Binary Search Applet

int binarySearch(int a[], int aSize, int toFind) 
{
    int start = 0;                        //the entire array is searched so we start with 0
    int last = aSize -1;                  //last is the last array index
 
    while (start <= stop)                  // while there is still a place to look.      
    {
  
         int middle = (start + stop) / 2;    // Look here first  
         if (toFind == a[middle])            // Found item. Quit. 
               return middle;   
         if (toFind > a[middle])             // Look in the last half 
               start = middle + 1;  
         else                                // OR look in the first half 
               stop =  middle - 1;
    } 
    //the element wasn't found
    return -1;
}

Sample calls

Consider these declarations.

int list[12] = {-2,1,2,3,5,7,8,10,14,15,38,61}; int val; // An item to search for in the list int psn; // Position of val in the list // .. assign something to val psn = binarySearch(list, 12, val);

The illustration uses a sorted version of the list of the last example to trace this call: binarySearch(list,12,10):

binarySearch(list,12,10) = 7

The final illustration is of an unsuccessful search: binarySearch(list,12,25). On the final call, start is 10 and stop is 9.
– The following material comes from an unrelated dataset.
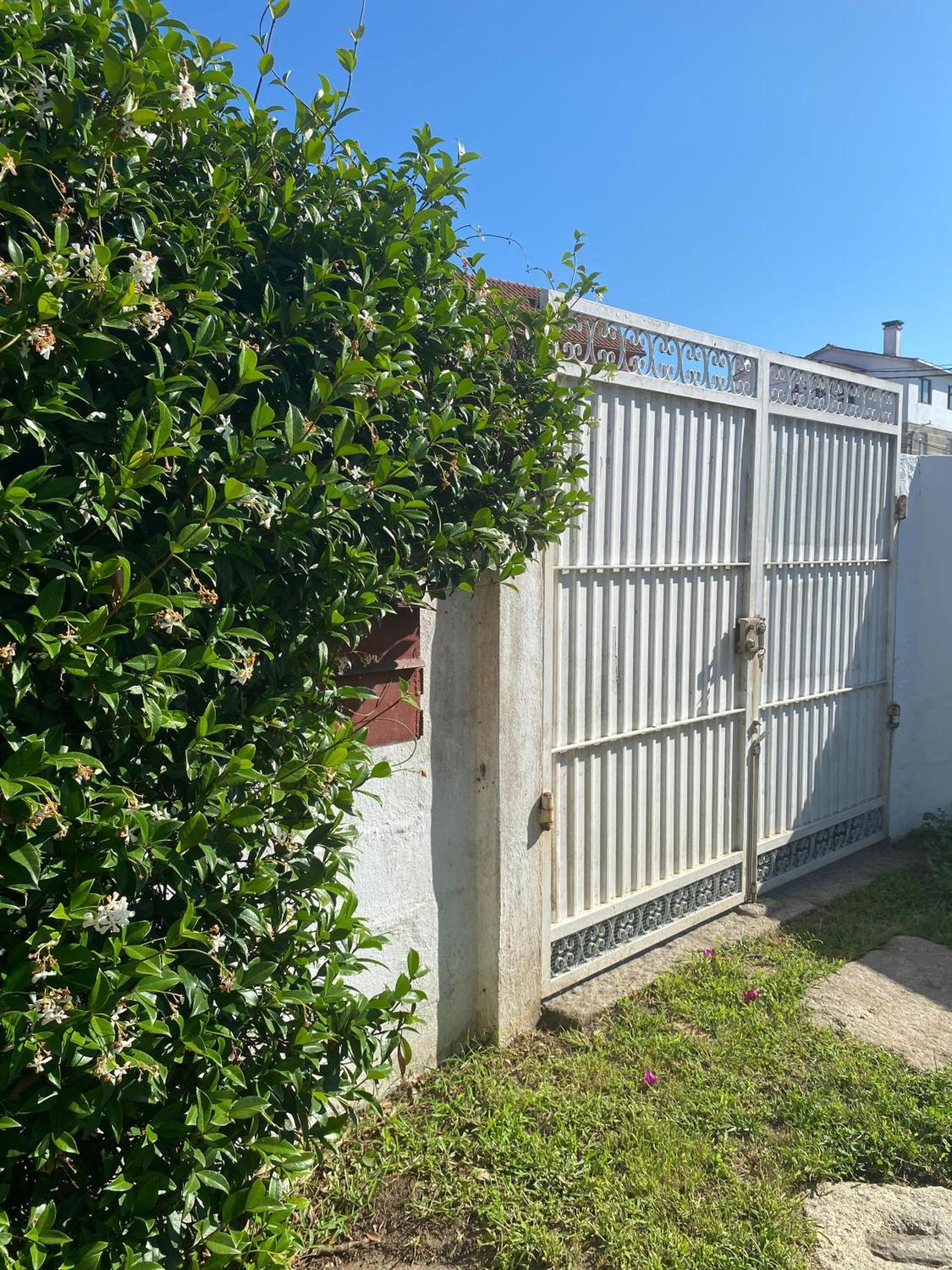 Chalet Adosado Independiente En Vigo - Canido Oya Luaran gambar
Why use a binary search when a linear search is easier to code? The answer lies in the efficiency of the search. With a linear search, if you double the size of a list, you could potentially take twice as much time to find an item. With a binary search, doubling the size of the list merely adds one more item to look at. Each time you look with a binary search, you eliminate half of the remaining list items as possible matches.